The era of having to pay cellular providers to unlock your cellphone will end this year.
As of Dec. 1, cellphone customers can ask their provider to unlock their phones free of charge, the CRTC announced Thursday. At the same time, it said, all newly purchased mobile devices must be provided to customers unlocked.
Telecoms often order locked phones from manufacturers that are programmed to work only with their service. Then they charge a fee — typically $50 — to unlock the phone if a customer wants to switch providers.
The unlocking fee has always been unpopular with customers. It has even been referred to it as a “ransom fee.”

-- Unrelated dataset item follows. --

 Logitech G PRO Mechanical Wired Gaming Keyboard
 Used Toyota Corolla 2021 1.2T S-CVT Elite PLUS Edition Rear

When the CRTC reviewed its wireless code earlier this year, it invited the public to comment online. Many took the opportunity to gripe about unlocking fees.
During a February CRTC hearing, Bell, Rogers and Telus all stood by their unlocking fees.
The big three warned that if they didn’t charge an unlocking fee for the few customers who want it done, the cost would have to be passed on to everyone.
Canada’s main telecoms wouldn’t comment on the CRTC’s decision to ban unlocking fees, stating they’re still reviewing the new mandate.
No free-for-all for family plans
The commission’s decision on unlocking fees came out of a review of its 2013 wireless code created in part to help limit costly cellphone fees for consumers.
As part of the review, the commission also announced that only the account holder can consent to data overage and additional roaming charges in a family-shared cellphone plan. Other plan members will only be able to give consent if the account holder grants them approval.
To help customers avoid running up their bills, the wireless code mandated that cellular service providers must cap international roaming charges at $100 a month and data overage fees at $50 — unless a customer agrees to pay more.
rosemary pick cellphone
Last year, CBC’s Marketplace found that Rogers, Bell and Telus all allowed anyone on a family share plan — including minors — to buy data above the $50 cap. All they had to do was respond “Yes” to a text message from their provider.
The new approval rules for family plans are effective immediately.